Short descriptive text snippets
───
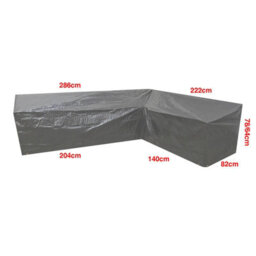 Woodside L Shape Outdoor Garden Corner Sofa & Table Dining Set Cover, Black, Large Left Side Long - thumbnail 4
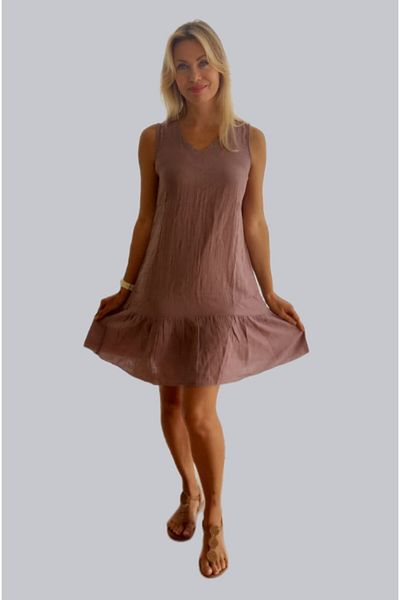 bomull textıle Sleeveless Muslin Dress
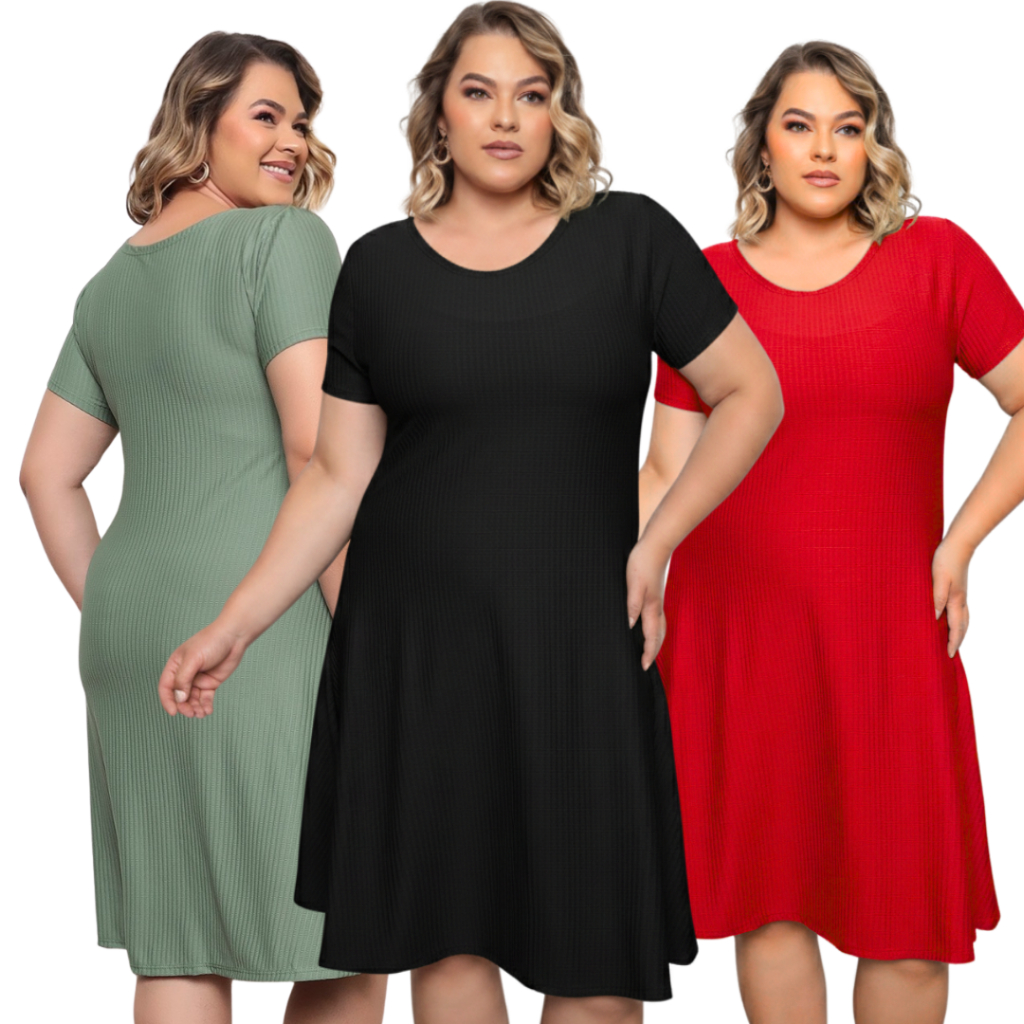 Kit 3 ou 1 Peça Avulsa Vestido Plus Size Feminino Tendência G3,G5 e G7
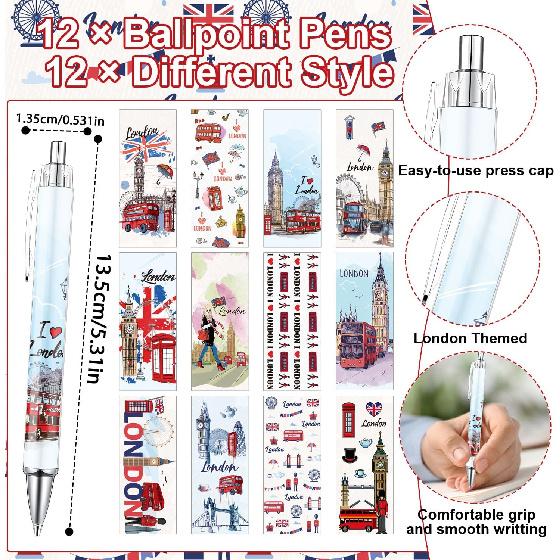 Wxiben London Sticky Notes with Pens - 24 Pcs London Travel Notepads England Ballpoint Pens Bulk British Flag Notes Black Ink Pen Souvenir Gifts for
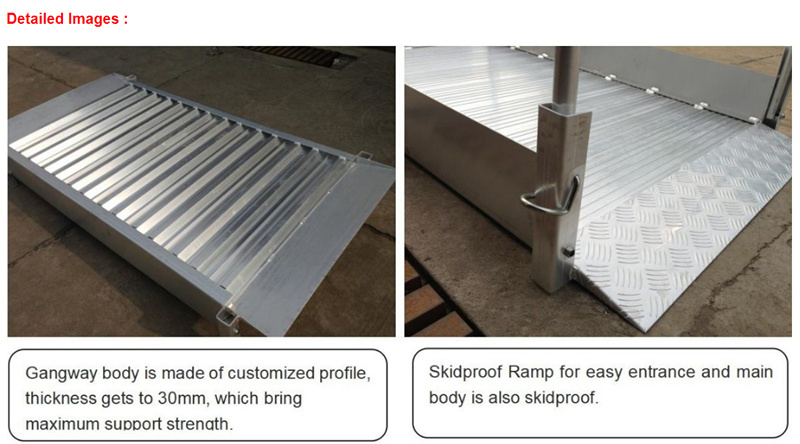 detail images about High Strength Portable Aluminium Demountable Gangway with Ramp and Handrail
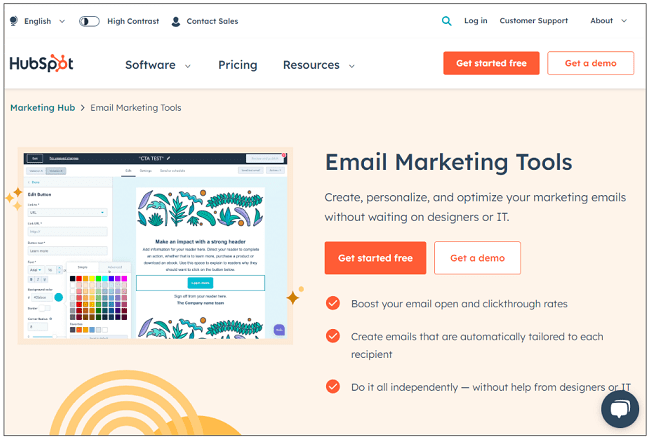 Page d'accueil du service d'email marketing HubSpot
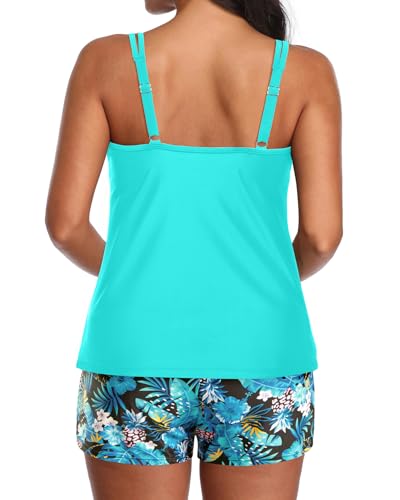 Image of Tempt Me Two Piece Tankini Swimsuits for Women Tummy Control Bathing Suit with Shorts Athletic Two Side Pockets Swimwear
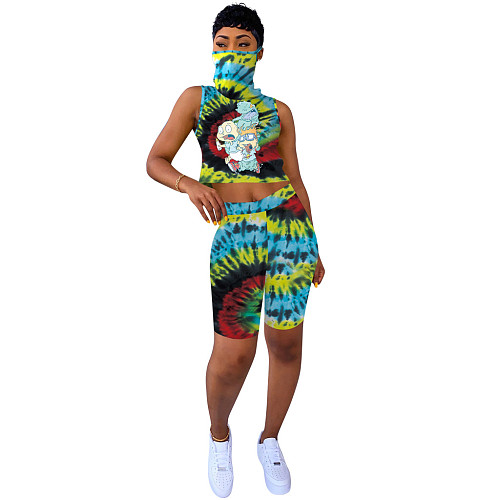 Veil Breathable Crop Top+Printed Shorts Set TE-4019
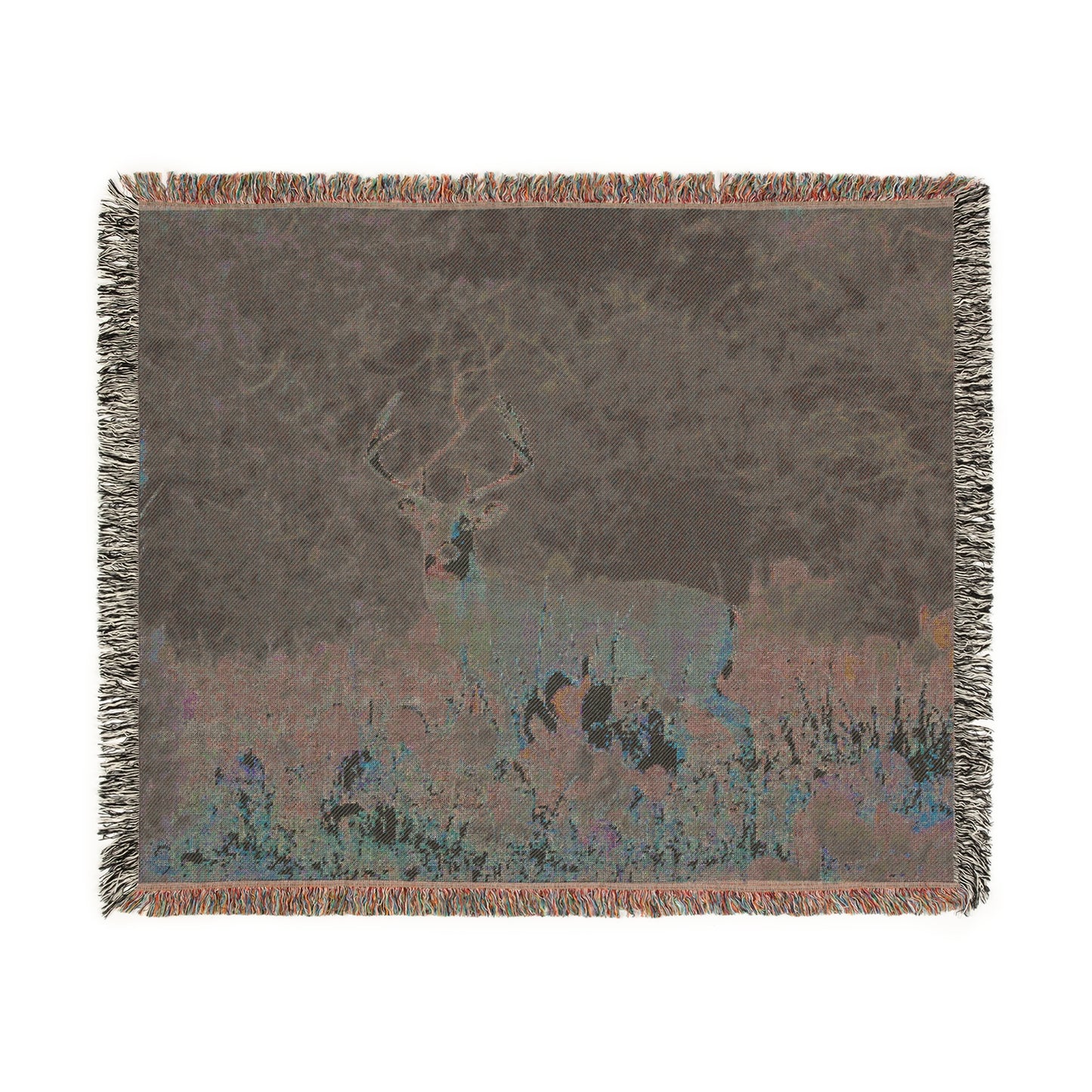 El Rancho White-Tail Buck Woven Blanket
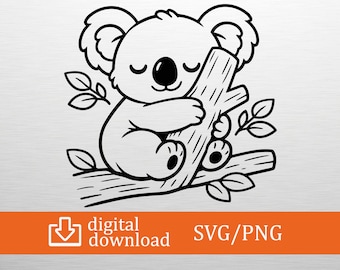 Cute Koala SVG Sleep Animal Cut File for Cricut Silhouette Bear Tree Branch Png Kids Nursery Decor Clipart Baby Shower TShirt Vector DIY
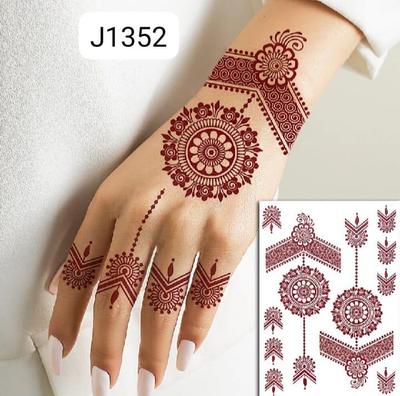 Elegant Brown Self-Adhesive Mehndi Sticker for Stunning Body Art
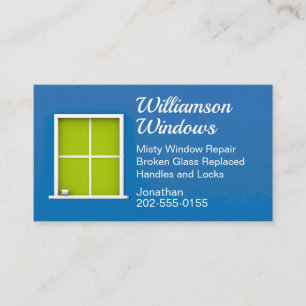 Carte De Visite Nettoyage de réparation de la fenêtre bleue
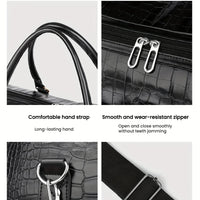 Large Capacity Retro Crocodile-Textured Duffel Bag with Adjustable Shoulder Strap, Stylish Gym,  Weekender & Overnight Bag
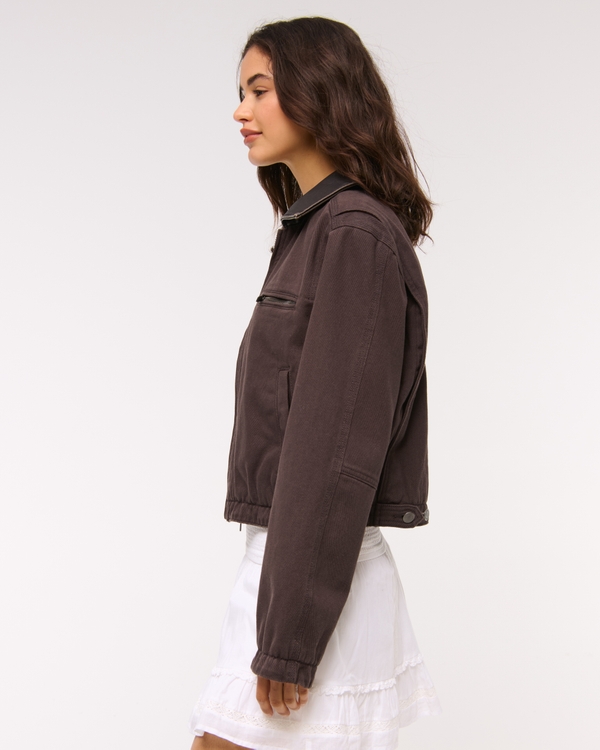 Cropped Twill Trucker Jacket
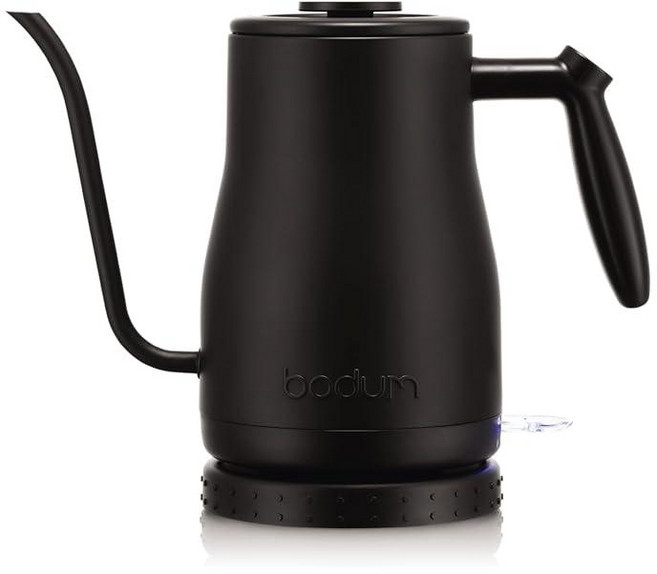 Bodum 963.9g34온스 비스트로 구즈넥 전기 물 주전자 푸어 오버 커피 및 차 브러시드 스테인리스 스틸 134007, Matte Black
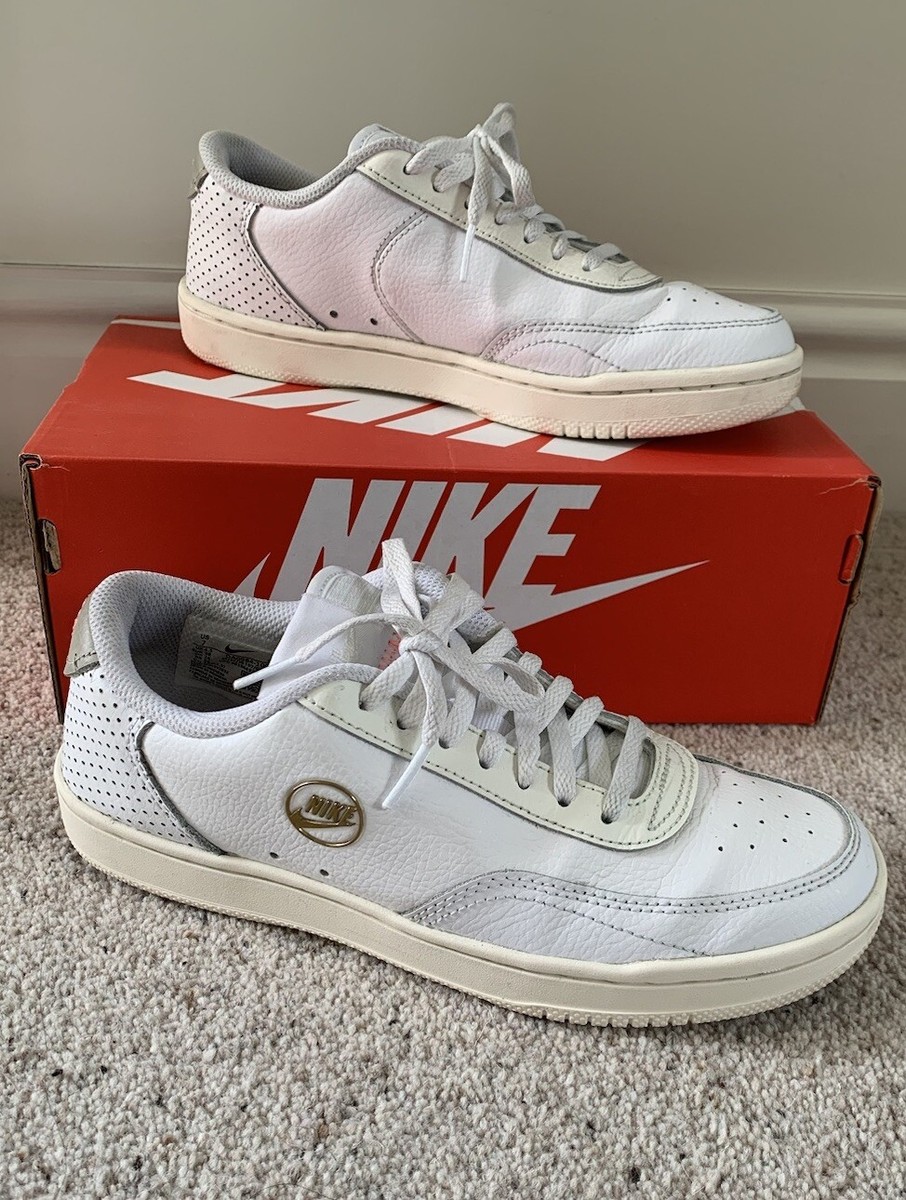 nike court vintage trainers in off white
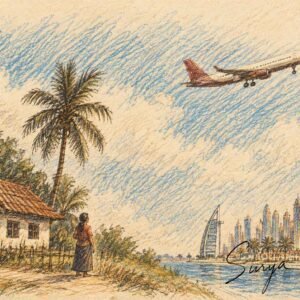 AI illustration by Surya for the Malayalam short article Pravasam Enna Loop by Vaisakh Triprayar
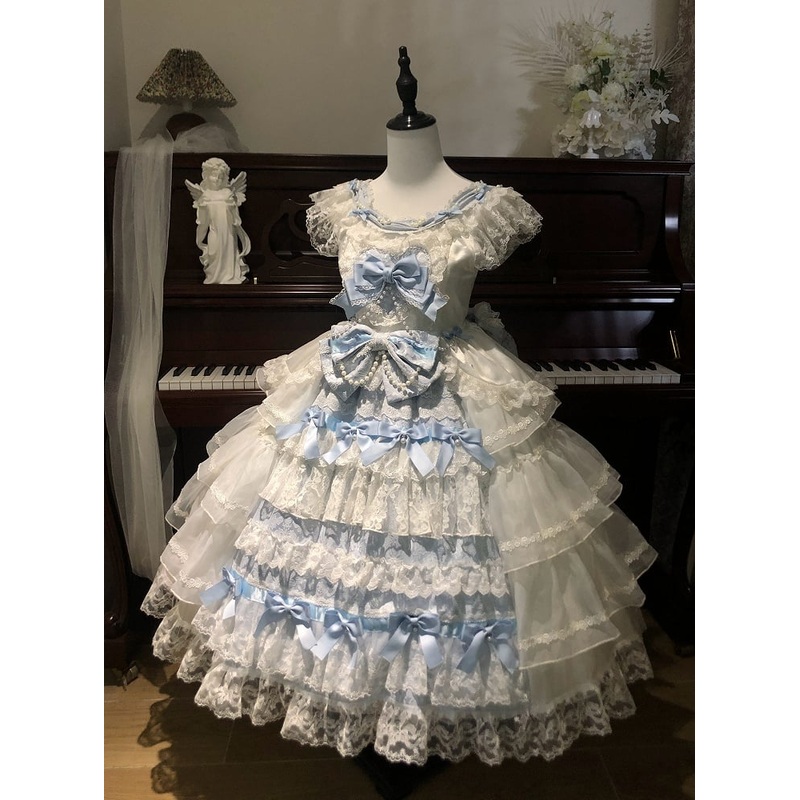 White Decoration and Blue Tiered Lolita Dress Hime Skirt Bows Hanayome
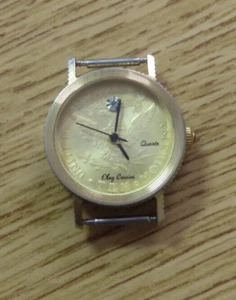Vintage Women's Oleg Cassini Gold Tone Faux Ten Dollar Coin Watch Only - Picture 1 of 5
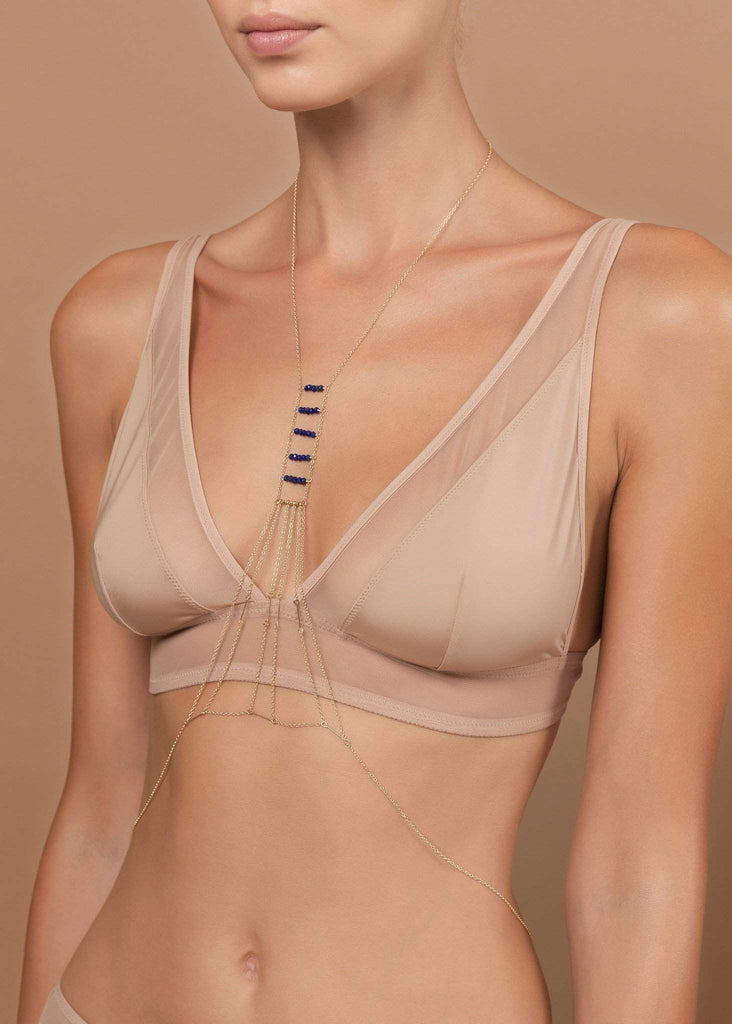 Gemstone Beaded Heart Chakra - Goldish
───
Copy exactly the lines from the one containing "Veil Breathable Crop" to the end of the records, both included, and leave the pictures out.

 Veil Breathable Crop Top+Printed Shorts Set TE-4019
 El Rancho White-Tail Buck Woven Blanket
 Cute Koala SVG Sleep Animal Cut File for Cricut Silhouette Bear Tree Branch Png Kids Nursery Decor Clipart Baby Shower TShirt Vector DIY
 Elegant Brown Self-Adhesive Mehndi Sticker for Stunning Body Art
 Carte De Visite Nettoyage de réparation de la fenêtre bleue
 Large Capacity Retro Crocodile-Textured Duffel Bag with Adjustable Shoulder Strap, Stylish Gym,  Weekender & Overnight Bag
 Cropped Twill Trucker Jacket
 Bodum 963.9g34온스 비스트로 구즈넥 전기 물 주전자 푸어 오버 커피 및 차 브러시드 스테인리스 스틸 134007, Matte Black
 nike court vintage trainers in off white
 AI illustration by Surya for the Malayalam short article Pravasam Enna Loop by Vaisakh Triprayar
 White Decoration and Blue Tiered Lolita Dress Hime Skirt Bows Hanayome
Vintage Women's Oleg Cassini Gold Tone Faux Ten Dollar Coin Watch Only - Picture 1 of 5
 Gemstone Beaded Heart Chakra - Goldish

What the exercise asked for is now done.